Start of Source records
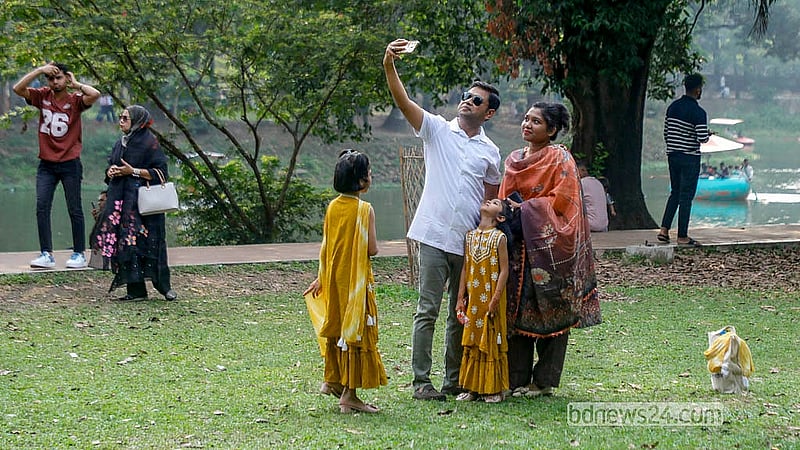 ঈদের ছুটিতে সোমবার ঢাকার রমনা পার্কে বেড়াতে এসে অনেকে তা ক্যামেরাবন্দি করে রাখেন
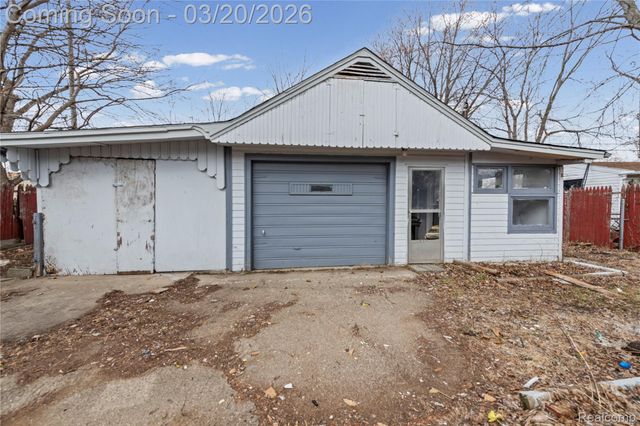 11033 Continental Avenue, Warren, MI 48089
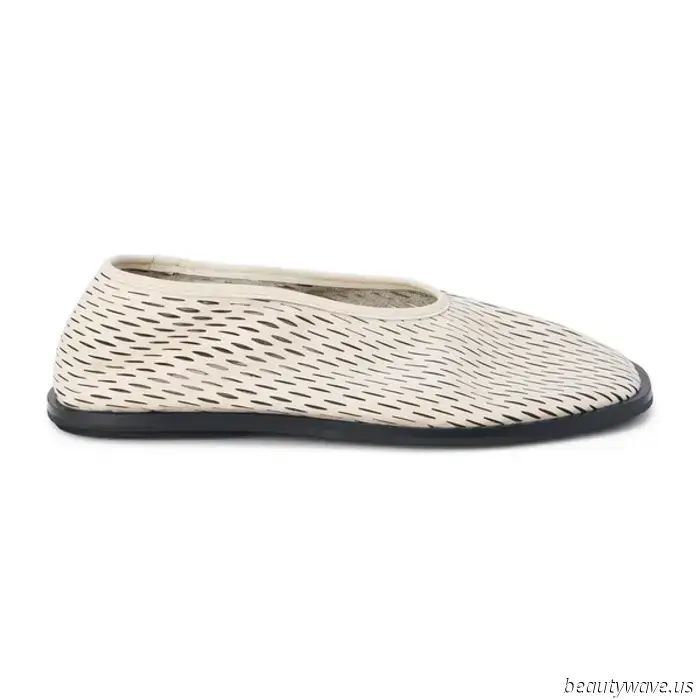 Whole-Foot Flats Are the Stylish Shoe Trend That Elegant Dressers Are Embracing at the Moment.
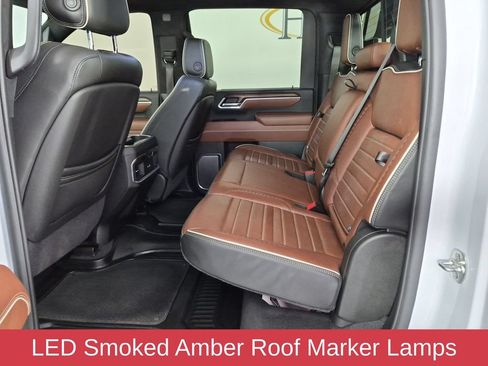 Used 2025 GMC Sierra 3500 Denali Ultimate AWD/4WD image 33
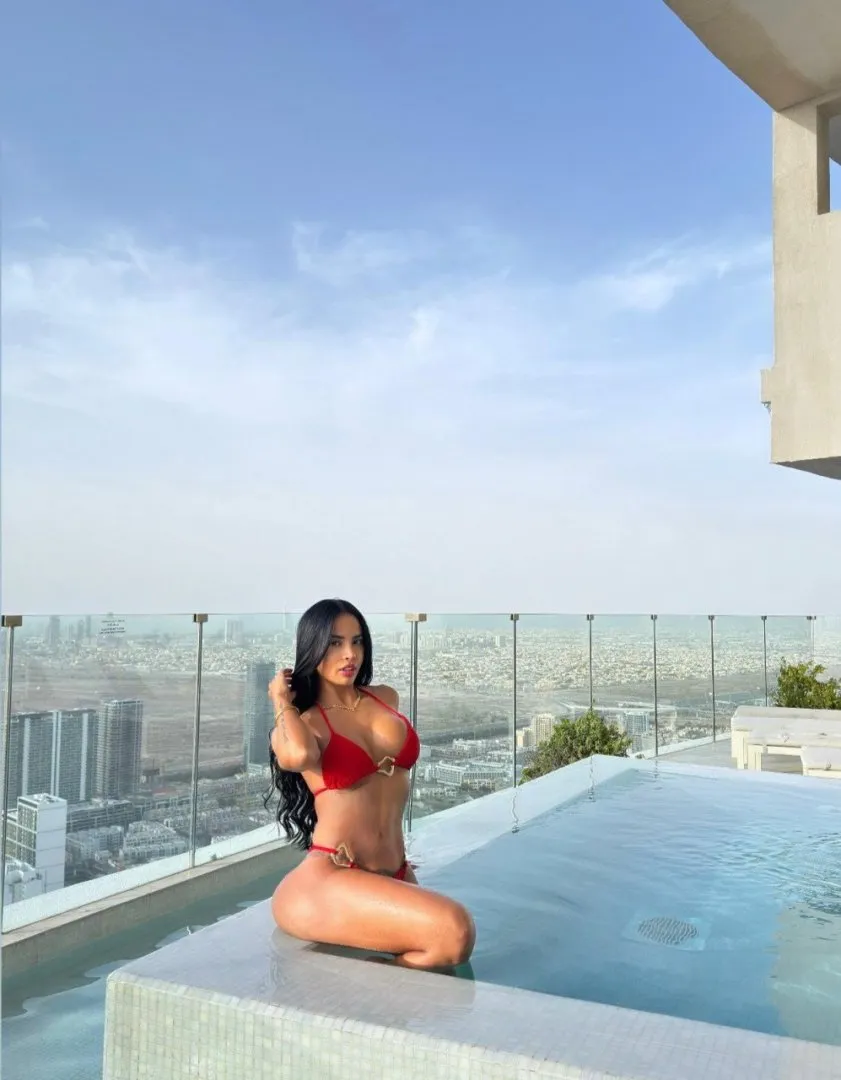 Model Mari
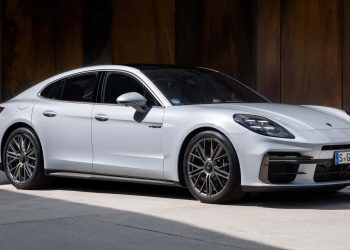 Porsche Delays EV Push With New Flagship SUV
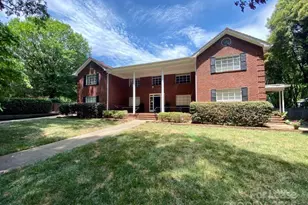 1708 Dilworth Rd, Charlotte, NC 28203 - Photo 1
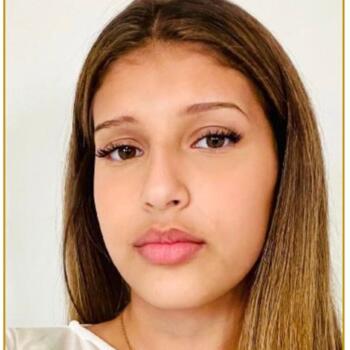 Babysitter in Vienna: Karima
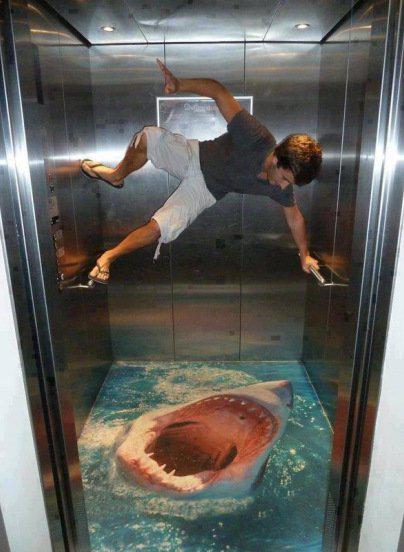3D-рисунки в лифтах не для слабонервных  (ФОТО)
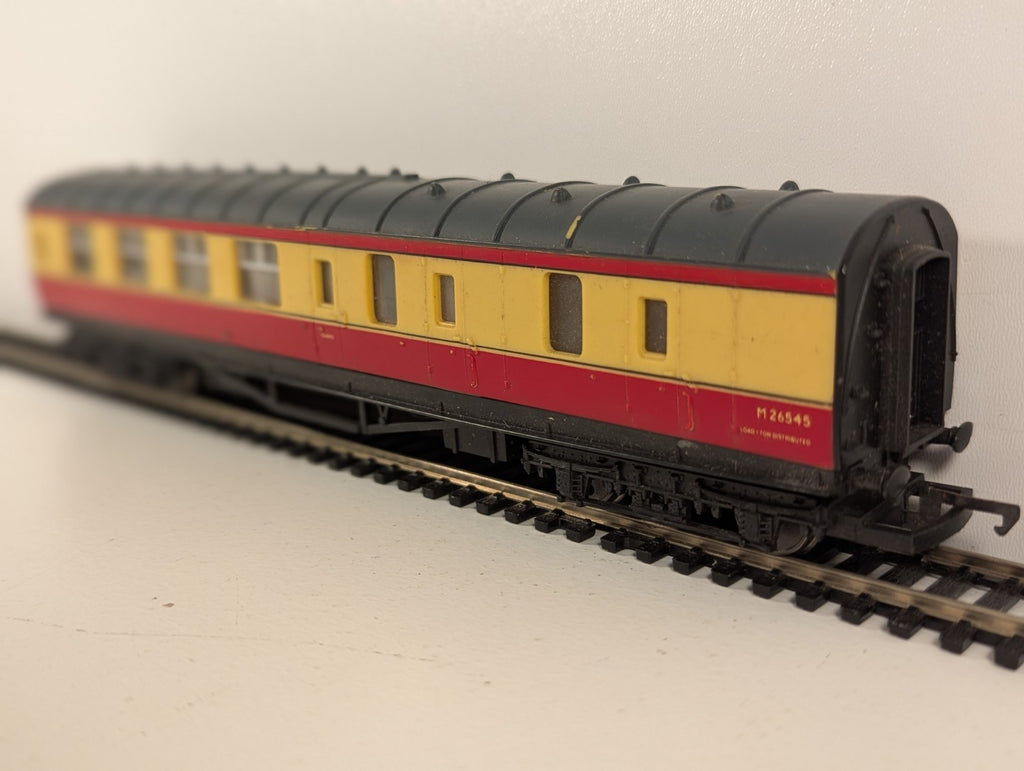 Hornby OO Gauge BR Stanier Brake Coach Red Cream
End of Source records
▸ Exercise instructions
Omit the pictures and write out exactly the lines from the one containing "Used 2025 GMC" through the last line of the material.

▸ Your response
 Used 2025 GMC Sierra 3500 Denali Ultimate AWD/4WD image 33
 Model Mari
 Porsche Delays EV Push With New Flagship SUV
 1708 Dilworth Rd, Charlotte, NC 28203 - Photo 1
 Babysitter in Vienna: Karima
3D-рисунки в лифтах не для слабонервных  (ФОТО)
 Hornby OO Gauge BR Stanier Brake Coach Red Cream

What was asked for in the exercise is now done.